Upon establishing a defendant's liability on default, the only remaining question is whether the plaintiff has provided adequate support for the damages sought. See Greyhound Exhibitgroup, Inc. v. E.L.U.L. Realty Corp., 973 F.2d 155, 158 (2d Cir. 1992) (stating that, “[w]hile a party's default is deemed to constitute a concession of all well pleaded allegations of liability, it is not considered an admission of damages”); see also Credit Lyonnais Secs. (USA), Inc. v. Alcantara, 183 F.3d 151, 155 (2d Cir. 1999) (holding that, in the context of a default judgment, courts are required “to ascertain the amount of damages with reasonable certainty”). Generally, in a case like this where the plaintiff alleges that the defendant has defaulted on a promissory note, and the defendant does not appear in the case, default judgment under Rule 55(b)(1) is appropriate because the damages are for a “sum certain or a sum that can be made certain by computation.” See, e.g., United States v. Rankin Indus. Ltd., No. CV 09-3569(ADS)(AKT), 2011 WL 1204751, at *1 (E.D.N.Y. Feb. 25, 2011) (default judgment awarded under Rule 55(b)(1) for principal amount owed on note), report and recommendation adopted, No. 09-CV-3569 (ADS)(AKT), 2011 WL 1154475 (E.D.N.Y. Mar. 29, 2011); Design & Dev., Inc. v. Vibromatic Mfg., Inc., 58 F.R.D. 71, 74 (E.D. Pa. 1973) (finding payments due under promissory note and guarantees to be “for a sum certain or for a sum which could by computation be made certain” under Rule 55(b)(1)).

Plaintiff has provided ample support in his Renewed Motion and its attachments for the amount of damages sought, and the damages are for a sum that can be made certain by computation. Specifically, Plaintiff has clearly shown how Defendant's principal indebtedness of $200,000, plus accrued interest at a rate of 10% per year, minus Defendant's two payments totaling $60,000, result in Plaintiff's entitlement to $343,000 from Defendant, as of March 22, 2022. (See Doc. 20 at 4; Doc, 20-1 at 1; Doc. 20-3 at 2-3.)

Conclusion

Therefore, I recommend that the Court GRANT Plaintiff's Renewed Motion for Default Judgment (Doc. 20) and enter judgment against Defendant and in favor of Plaintiff in the amount of $343,000.

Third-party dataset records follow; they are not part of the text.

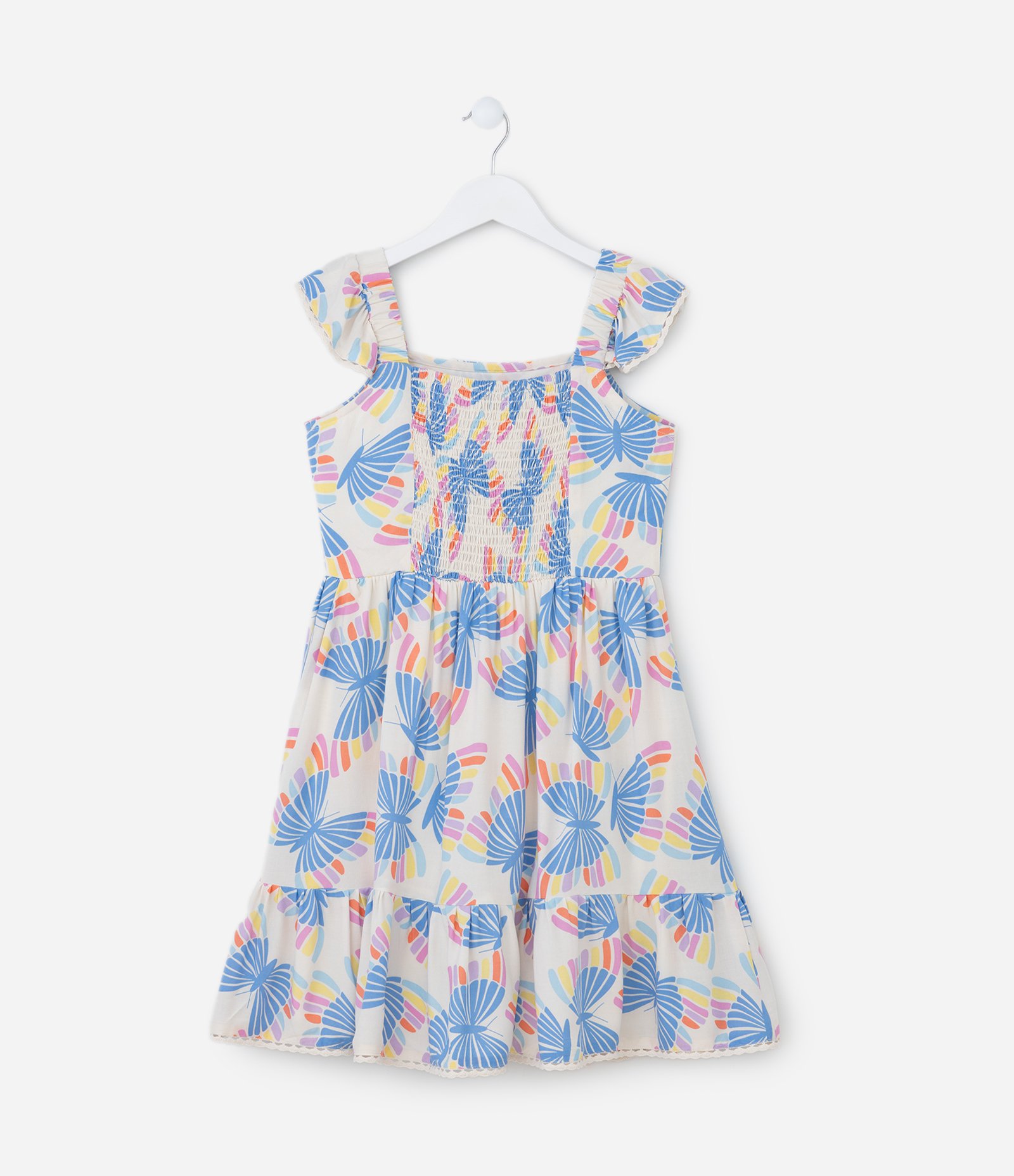 Vestido Infantil com Babados e Estampa Borboletas - Tam 5 a 14 Anos Multicores 3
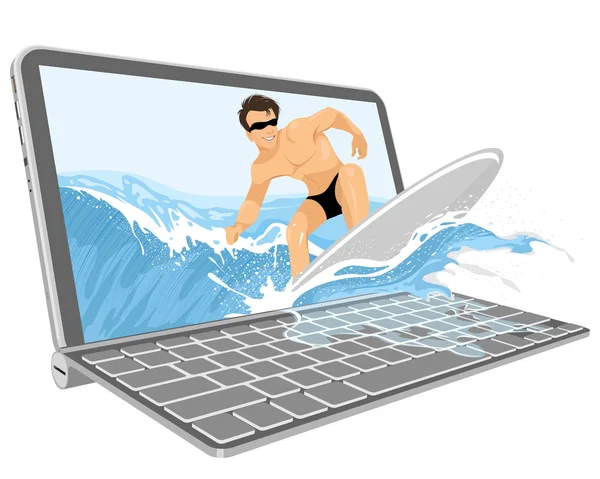 Surfer pe un val — Vector de stoc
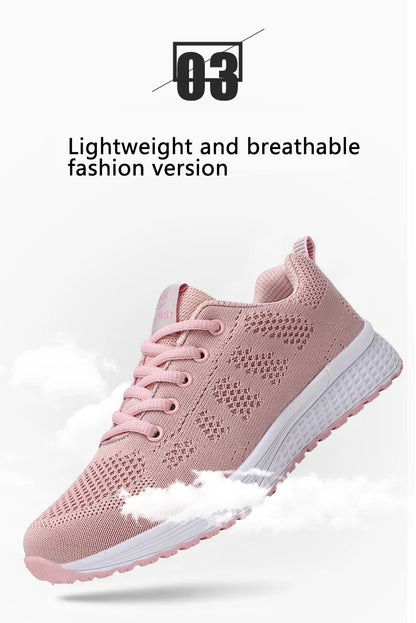 Wedges Shoes for Women Sneakers Mesh Breathable Casual Female Shoes Flat Light Lace-Up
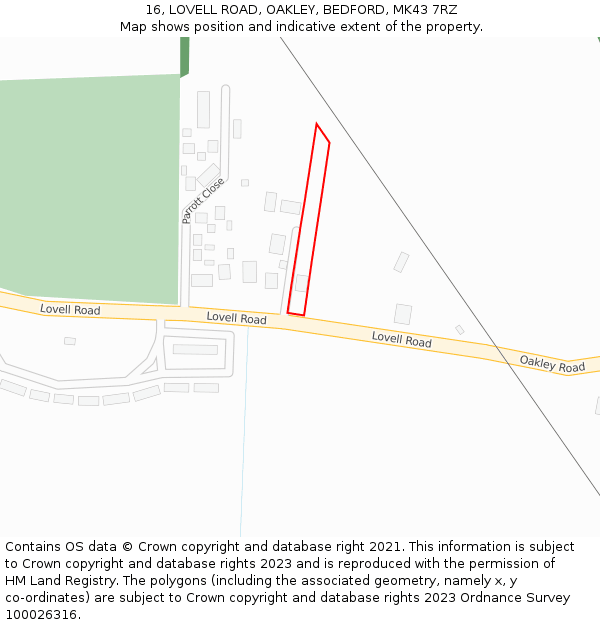 16, LOVELL ROAD, OAKLEY, BEDFORD, MK43 7RZ: Location map and indicative extent of plot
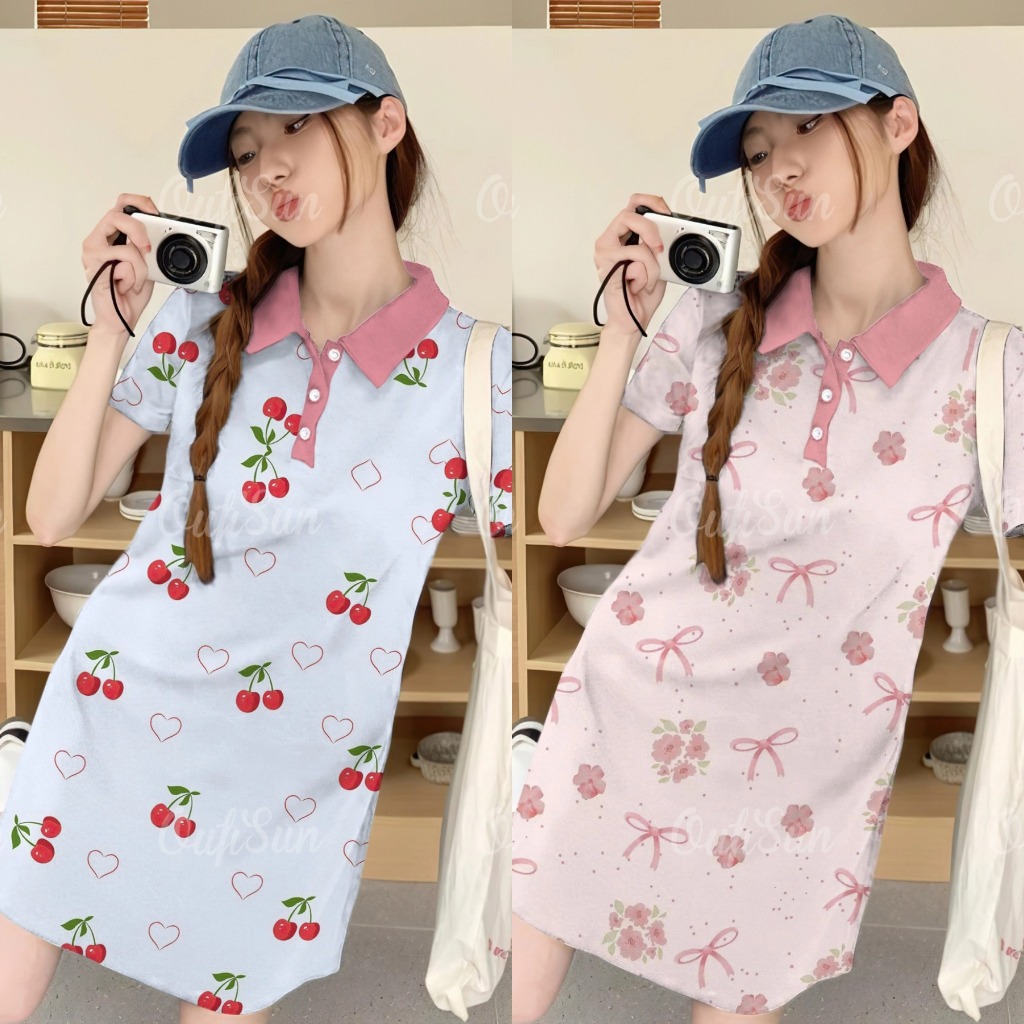 สไตล์เกาหลี Bows & Florals & Cherry Polo Dress ผู้หญิง Casual Retro กีฬาสไตล์สีชมพูชุดโปโลขั้นสูงแฟชั่นแขนสั้น A-Line กระโปรง 2025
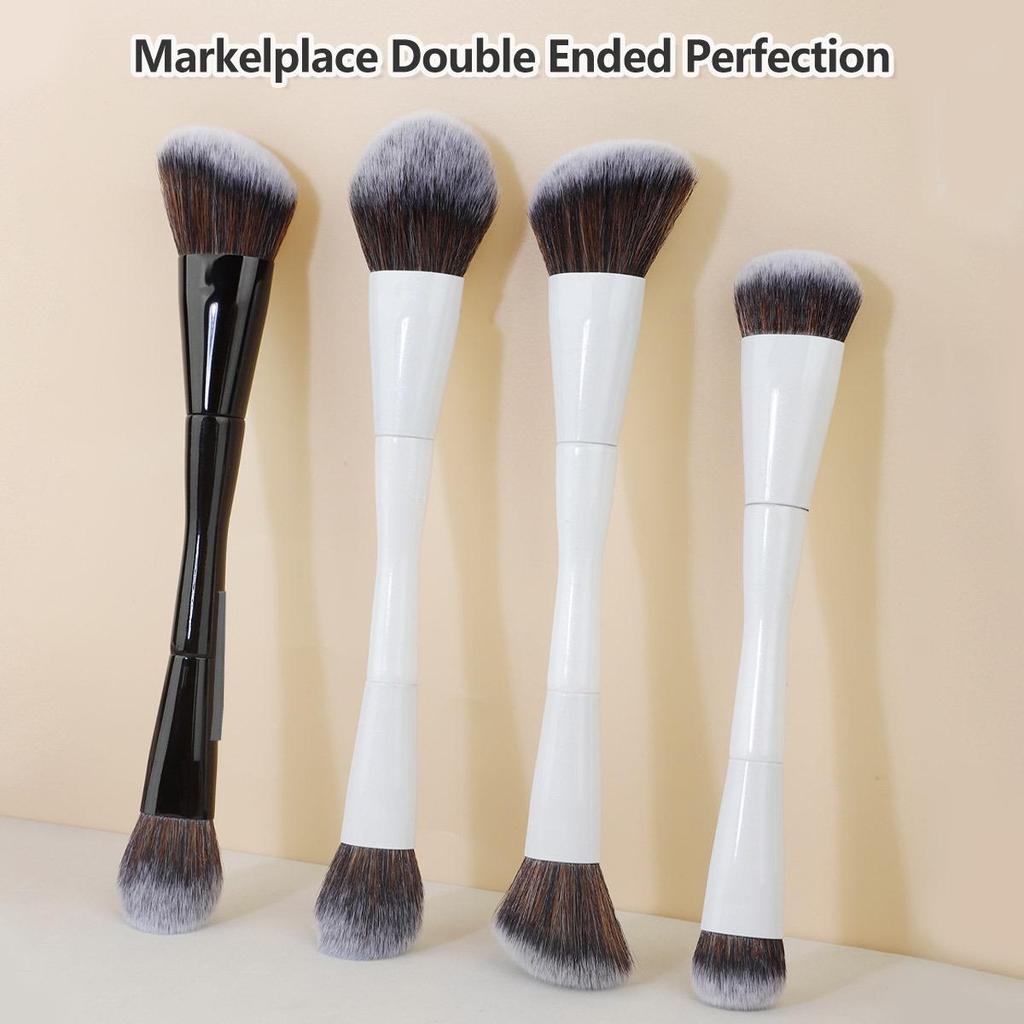 Double-Ended Makeup Brush: Foundation, Powder, Contour, Blush - Soft Beauty Tool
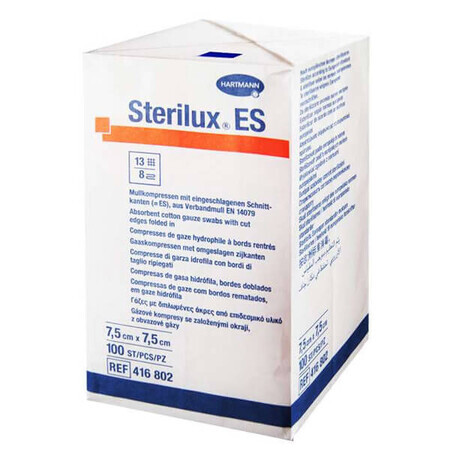 Sterilux ES, steriele gaasjes, 13-draads, 8 lagen, 7,5 cm x 7,5 cm, 100 stuks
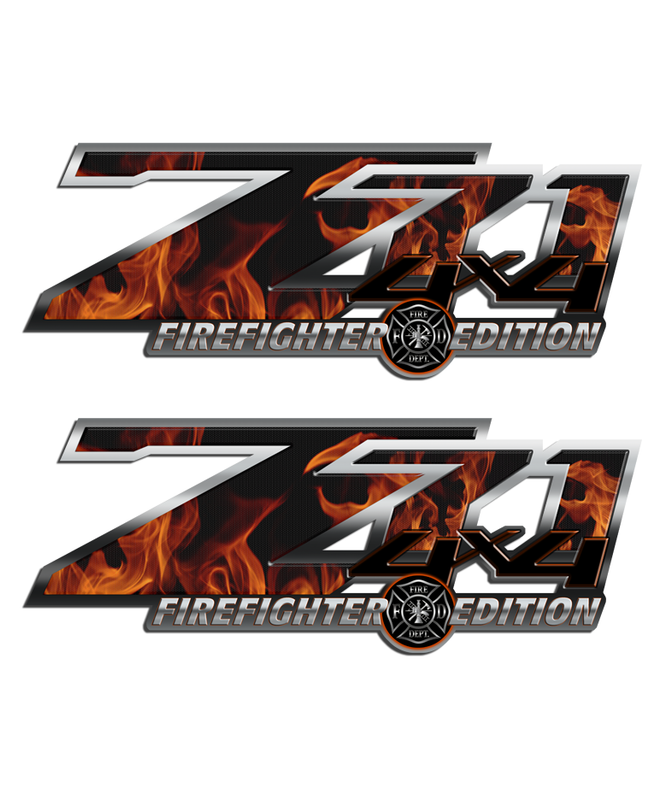  Firefighter Z71 4x4 Sticker Set 16"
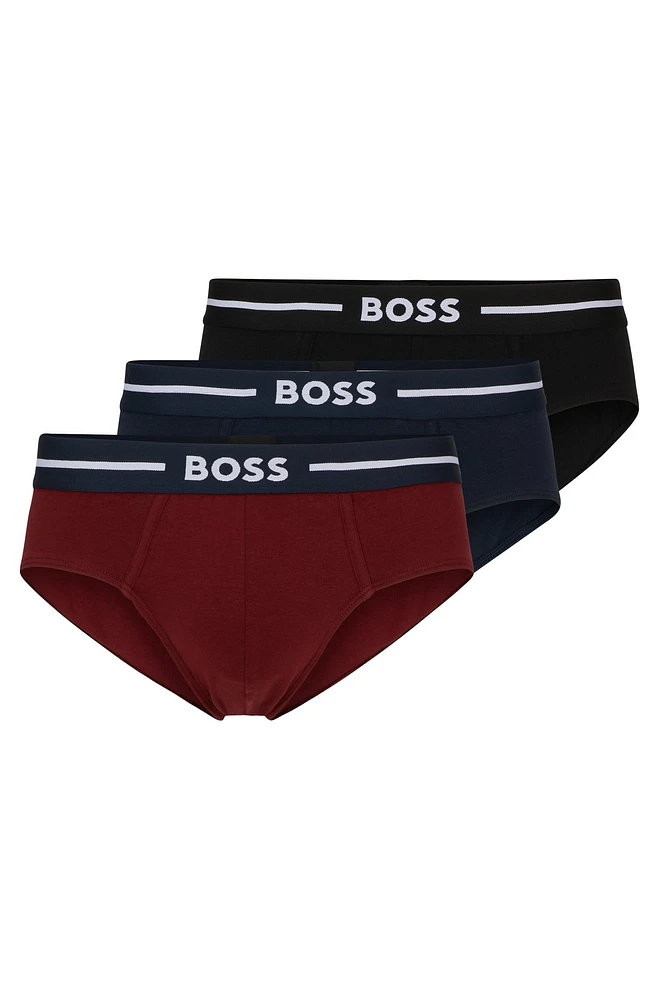 Three-pack of stretch-cotton briefs with logo waistband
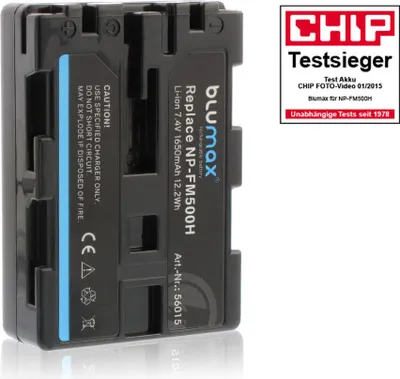 Produktbild von Blumax Akku | für Sony NP-FM500H Digitalkamera | Kapazität 1650mAh  |Spannung 7,2Volt | Video- und  Kamerazubehör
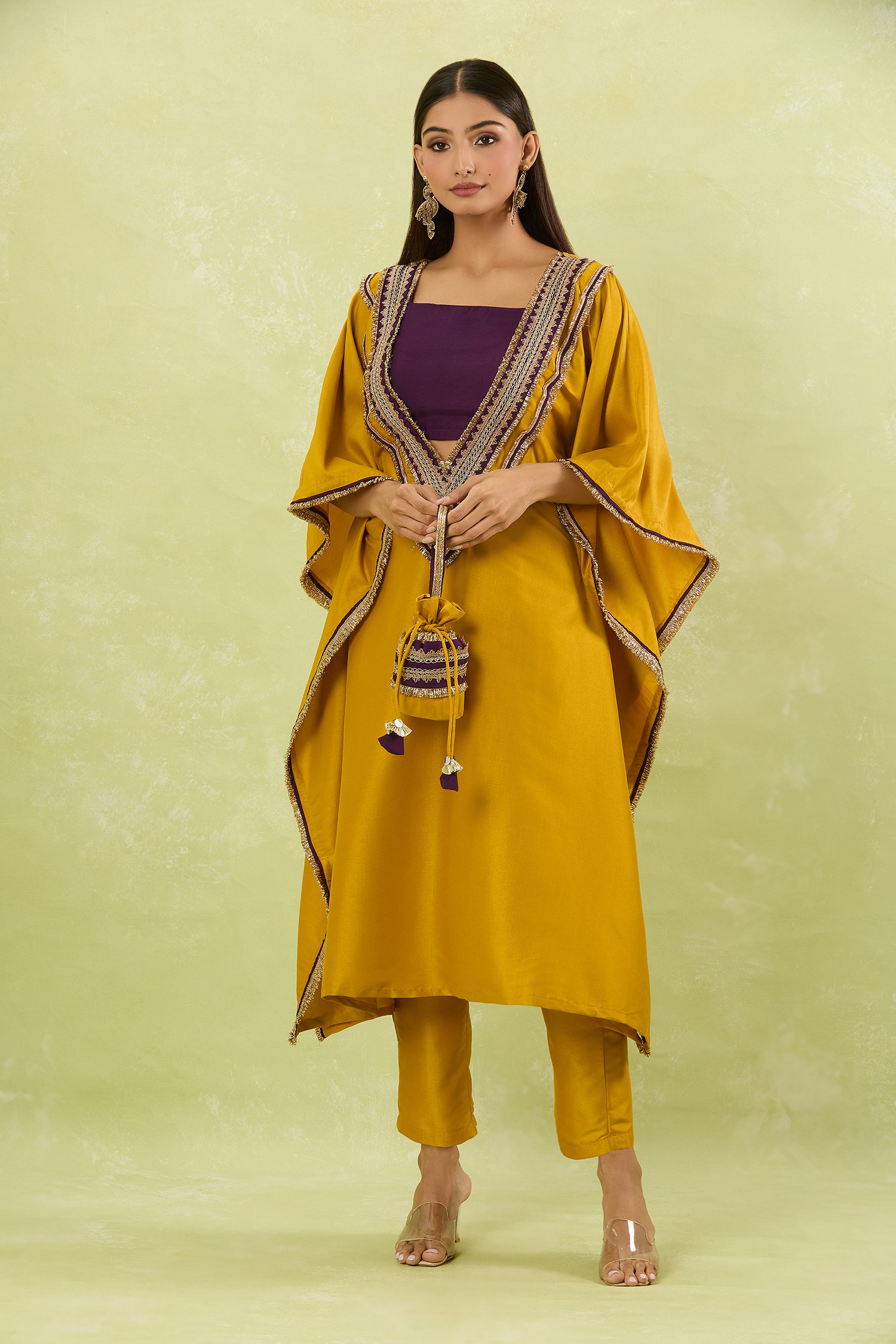 Contrast Hand Embellished Kaftan Set 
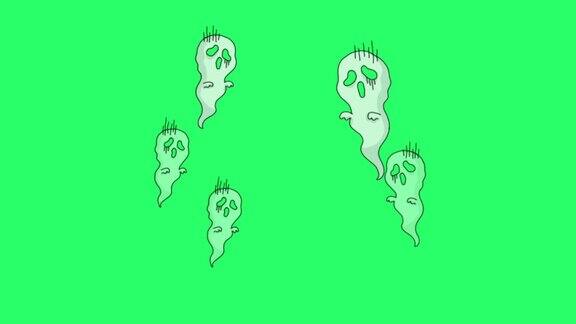 动画幽灵在绿色背景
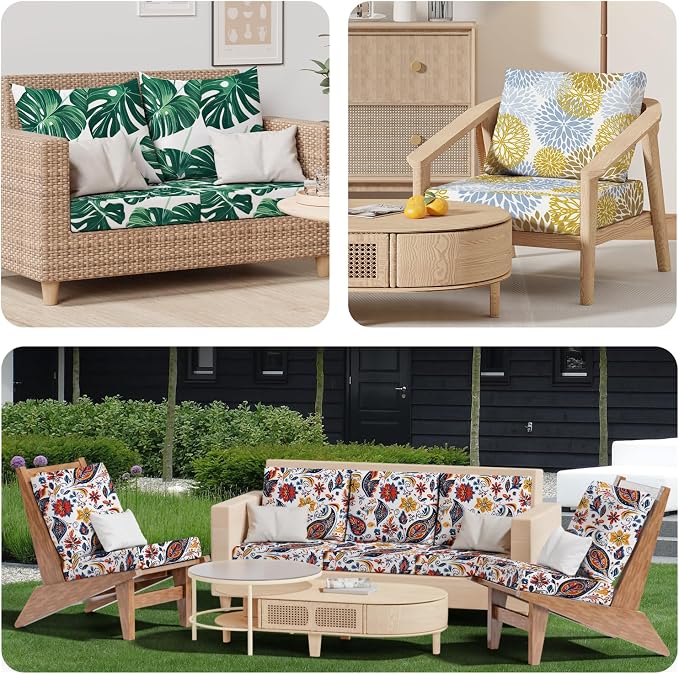 8Pcs Square Small Stretch Patio Cushion Covers, Couch & Sofa Replacement - Image 8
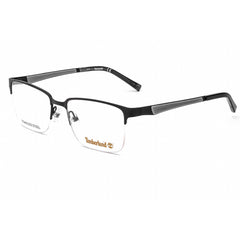Timberland Men's Eyeglasses - Matte Black Rectangular Half Rim Frame | TB1564 002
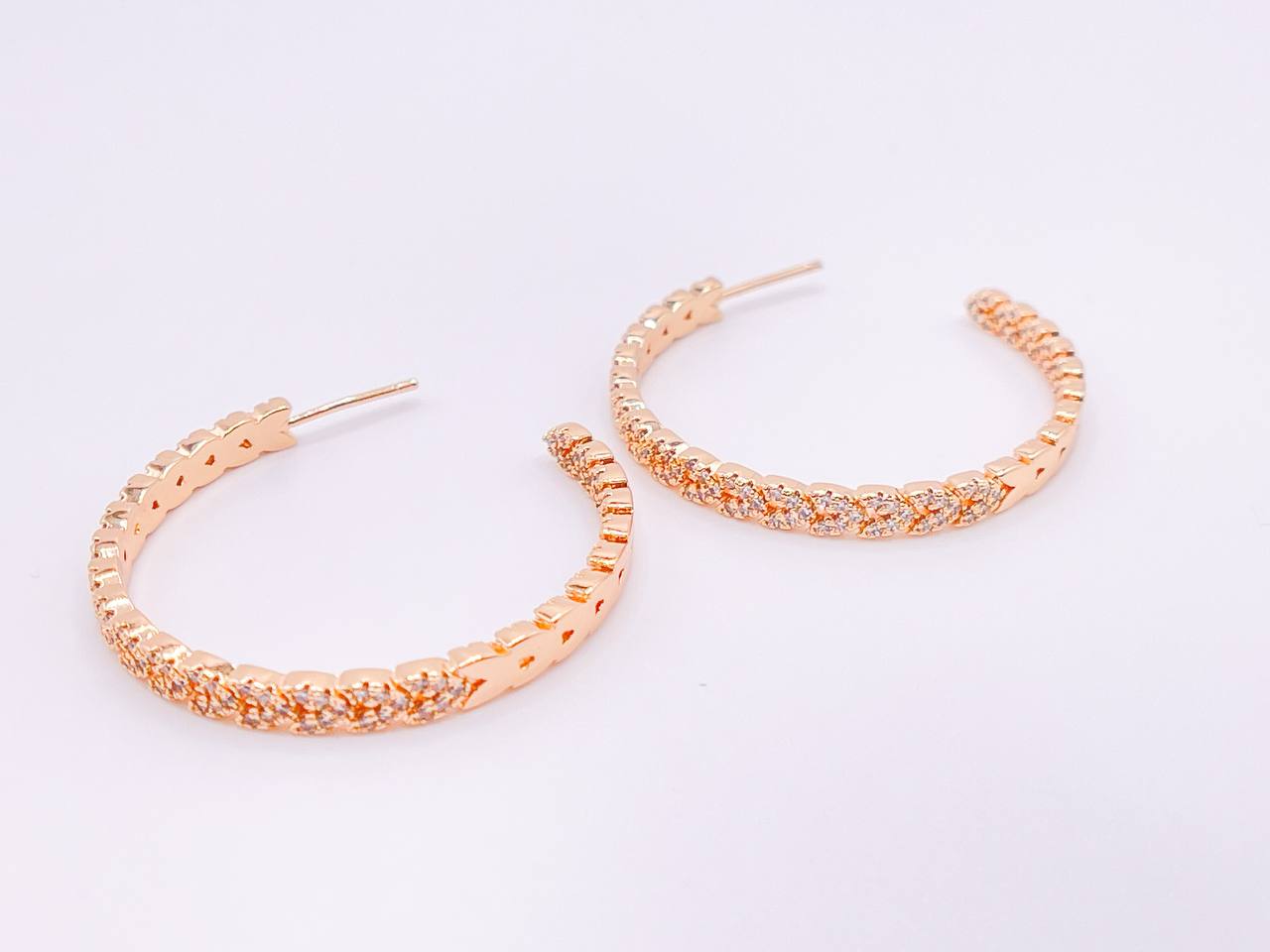 Elegant Double Studded Mini Heart Hoops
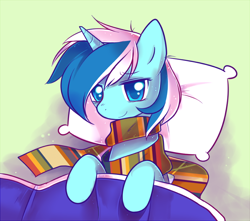 Size: 800x706 | Tagged: safe, artist:pekou, character:minuette, species:pony, species:unicorn, bed, clothing, female, fourth doctor's scarf, mare, pillow, scarf, solo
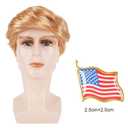 Funny Celebrity Wig - Presidential Candidate Donald Trump Wig Set, Including Flag Pin, Perfect for Halloween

Any party may object to this Report and Recommendation within 14 days after service thereof, by filing with the Clerk of the Court and serving on the Magistrate Judge and all parties, written objections that shall specifically identify those portions of the Report and Recommendation to which objection is made and the basis for such objections. See 28 U.S.C. § 636(b)(1); Fed.R.Civ.P. 72(b)(2); L.R. 72(c). Failure to timely file such objections “operates as a waiver of any further judicial review of the magistrate's decision.” Caidor v. Onondaga Cnty., 517 F.3d 601, 604 (2d Cir. 2008) (quoting Small v. Sec'y of Health & Hum. Servs., 892 F.2d 15, 16 (2d Cir. 1989)).


Summaries of

Zulkoski v. Greene

United States District Court, D. Vermont
Mar 23, 2022
Civil Action 2:19-cv-182 (D. Vt. Mar. 23, 2022)
Case details for

Zulkoski v. Greene

Case Details

Full title:Robert J. Zulkoski, Plaintiff, v. Edward Greene, Defendant.

Court:United States District Court, D. Vermont

Date published: Mar 23, 2022

Citations

Civil Action 2:19-cv-182 (D. Vt. Mar. 23, 2022)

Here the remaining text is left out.